In pre-formatted elements, contents are always being treated as text, so child-nodes do not get parsed.

This causes an issue for multi-line code blocks. Per spec, a multi-line code block is <code> wrapped in <pre>. (see: https://developer.mozilla.org/en-US/docs/Web/HTML/Element/code#Notes)

The following treats <code ... > as a text node, where spec behaviour is to allow HTML child nodes within pre

<pre>
  <code class='language-javascript'>
    console.log('hello');
  </code>
</pre>

You can see how we workaround this, here: https://github.com/crosstype/node-html-markdown/blob/master/src/config.ts#L79-L89

DOCTYPE is parsed as a text node

<!DOCTYPE ...> nodes are being parsed as text nodes. I think the desired behaviour here would be to simply ignore the node.

To work around this, we're temporarily replacing them ahead of time. (see: https://github.com/crosstype/node-html-markdown/blob/master/src/main.ts#L40-L42)

Side-note

This and another of my libraries broke after a recent yarn install, due to the fact that the options we passed were no longer valid. We were specifying { pre: true, style: false }

Not a major issue, but if you're following semver, changing public API options is generally considered a breaking change, as it could cause projects which use it as a dependency to fail to compile.

Thanks again for the great work, and I hope you have a good day!

The text was updated successfully, but these errors were encountered:

taoqf · 2020-10-27T05:49:18Z

tag pre was defined as BlockTextElements, I don't know what will happen if I remove it from blocktextelements. maybe it will slow down the speed in most use cases, maybe not. anyway, I have added an option blockTextElements to resolve this and I hope this would not cause much trouble.
1.It will break something if I ignore tag doctype.someone may use this parse a whole page, and convert back to text after they changed something.so I'm sorry I can't add this yet.

nonara · 2020-10-27T19:09:42Z

I have added an option blockTextElements to resolve this and I hope this would not cause much trouble.

That will work. Thanks for such a fast response!

It will break something if I ignore tag doctype. ...

I understand if you don't want to ignore it. That makes sense. I should have probably clarified the problem better.

There are three types of nodes that this parser is creating during parsing.

ELEMENT_NODE
TEXT_NODE
COMMENT_NODE

It turns out that !DOCTYPE isn't any of these. Instead, it's a DOCUMENT_TYPE_NODE (see: https://developer.mozilla.org/en-US/docs/Web/API/Node/nodeType#Constants)

The difficulty here is that this parser is treating DOCTYPE as a TEXT_NODE, which makes it output the entire thing (ie. <!DOCTYPE html>) as text.

In this case, if you'd like to preserve it, it would likely be best to create a proper DOCUMENT_TYPE_NODE. Or, worst case an ELEMENT_NODE with the tagName !DOCTYPE.

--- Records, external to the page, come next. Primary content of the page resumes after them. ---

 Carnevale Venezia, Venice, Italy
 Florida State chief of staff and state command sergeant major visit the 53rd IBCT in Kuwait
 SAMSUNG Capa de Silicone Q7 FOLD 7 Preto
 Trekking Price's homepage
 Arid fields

Otherwise, anything which assumes a TEXT_NODE should always be visible text and never be an HTML tag, will get the side-effect of having HTML code pollute their output.

This should be doable without hurting performance. If you'd like help, let me know and I can look into it and make sure perf numbers aren't affected.

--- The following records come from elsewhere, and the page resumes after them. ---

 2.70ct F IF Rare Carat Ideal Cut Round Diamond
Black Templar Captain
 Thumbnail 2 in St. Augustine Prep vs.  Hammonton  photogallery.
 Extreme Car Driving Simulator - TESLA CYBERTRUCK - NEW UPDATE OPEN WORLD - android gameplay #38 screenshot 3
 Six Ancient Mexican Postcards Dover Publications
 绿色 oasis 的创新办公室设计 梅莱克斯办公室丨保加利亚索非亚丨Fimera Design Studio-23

I don't know what will happen if I remove it from blocktextelements. maybe it will slow down the speed in most use cases,

In terms of performance, you'd likely see little to no difference. The reason I'd argue for changing it is because an HTML parser should comply with HTML spec. In the case of pre, child elements are allowed and not considered text. If it weren't for <pre><code></code></pre>, it may not matter as much, but multi-line code blocks are pretty common.

But I want to clarify that I'm not trying to nit-pick. Your blockTextElements solution will work fine for me!

I decided that I'd leave the comment here because due to the difference in this and HTML spec, there is a chance that duplicate issues may be opened. So if in the future this is something you want to look into, I'll be interested in following the conversation.

nonara · 2020-10-27T19:13:32Z

As a side note, if you'd ever like help in maintaining this, feel free to send a ping any time. I do a lot of work with parsers and compilers. Thanks again for the fast response and fix!

sebromero · 2021-02-01T21:19:38Z

Hi all! I'm using node-html-parser 2.1.0 with the blockTextElements to get the nodes from code tags inside pre. However, the classNames attribute of those code tags is empty. Is that the expected behaviour?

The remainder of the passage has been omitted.